Tourism is too low down on the political agenda, so it cannot argue its case with councillors or MPs, warned panellists during a debate at the British Tourism and Travel Show.
The debate heard that coach firms face tough challenges with new emission zones, and limited parking in destinations such as London – but industry lobbying was not getting results.
Allan Edmondson, head of transport at Etoa, the European tourism association, told delegates that his association, along with many other trade bodies, has been arguing on behalf of the industry but those in power were not aware of the importance of the sector.
“We all ‘gasbag’ about it but it is about how the politicians view tourism,” he told delegates during the Tourism Question Time at BTTS on Wednesday (March 21).
“I have been in meetings with London councillors who say tourism is 10th on their list, well below issues such as homelessness. That’s what matters – tourists are not voters.”
John Wales, founder and director of Encore Tickets, and the new chairman of the Coach Tourism Association, added: “Coach tourism not high on the agenda – it is up to us to get coach tourism higher up the agenda so we are not penalised.”
Panel chair Bernard Donoghue, director of the Association of Leading Visitor Attractions, commented that the tourism minister Michael Ellis was not at BTTS.
But he asked panellists what action they would like to see from the minister that would improve British tourism immediately.

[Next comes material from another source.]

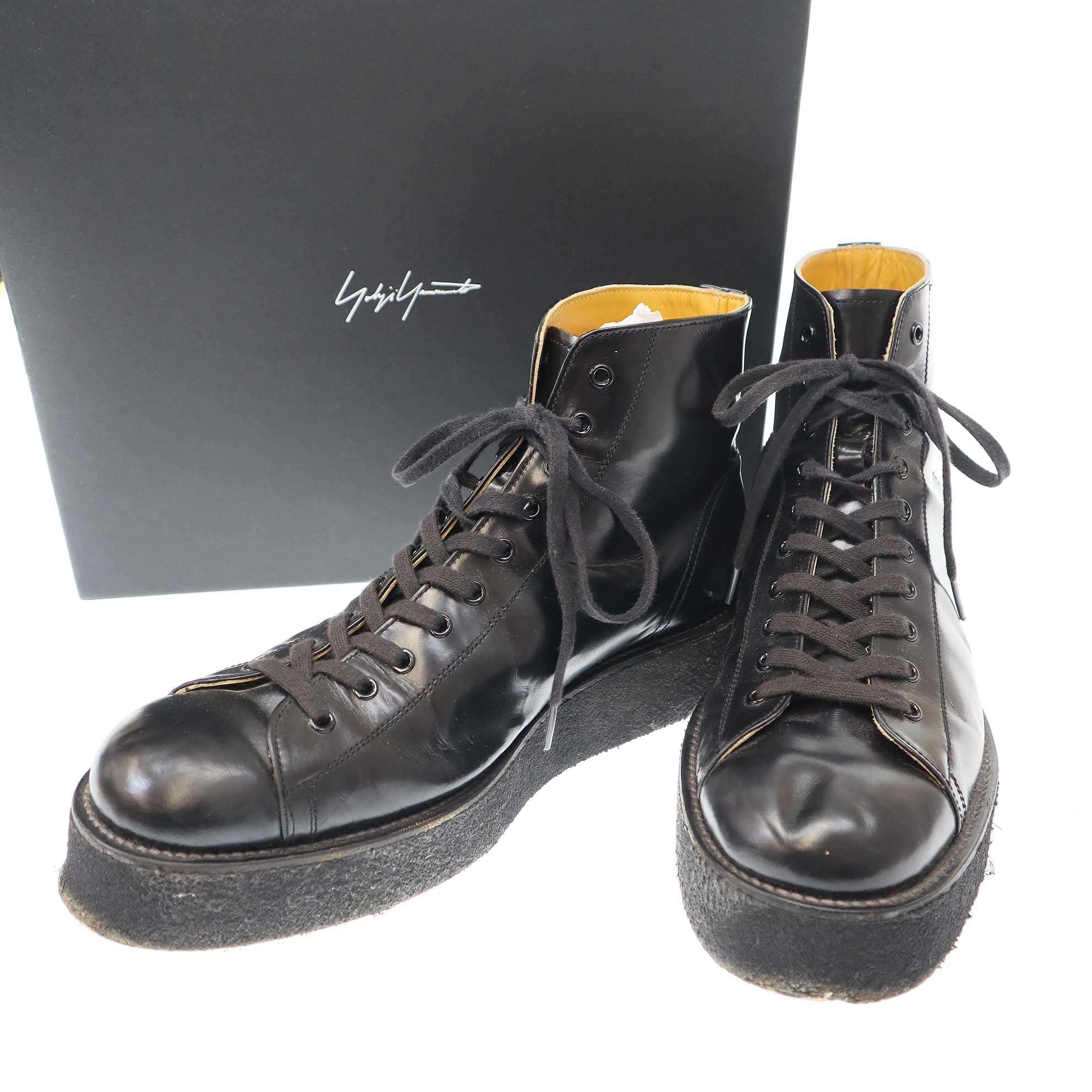 楽天市場】Yohji Yamamoto POUR HOMME ヨウジヤマモト プールオム 「7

Sarah Greenwood, director of Hudson’s Historic Houses and Gardens, commented: “Why is the tourism minster so unimportant? He should be more central to government decisions.”
She added: “Heritage and history drive tourism in the UK…but are not featured strongly enough in how tourism is understood in the UK.”
Donoghue agreed, saying that when politicians “tinker” with the National Curriculum by removing topics such as the Tudors, it leads to a fall in school visits to relevant attractions.
Wales said he would like to see the minister recognise that coaches are an environmentally friendly form of transport, and realise the impact of tourism VAT, especially in Northern Ireland where it is twice the rate levied in the republic of Ireland.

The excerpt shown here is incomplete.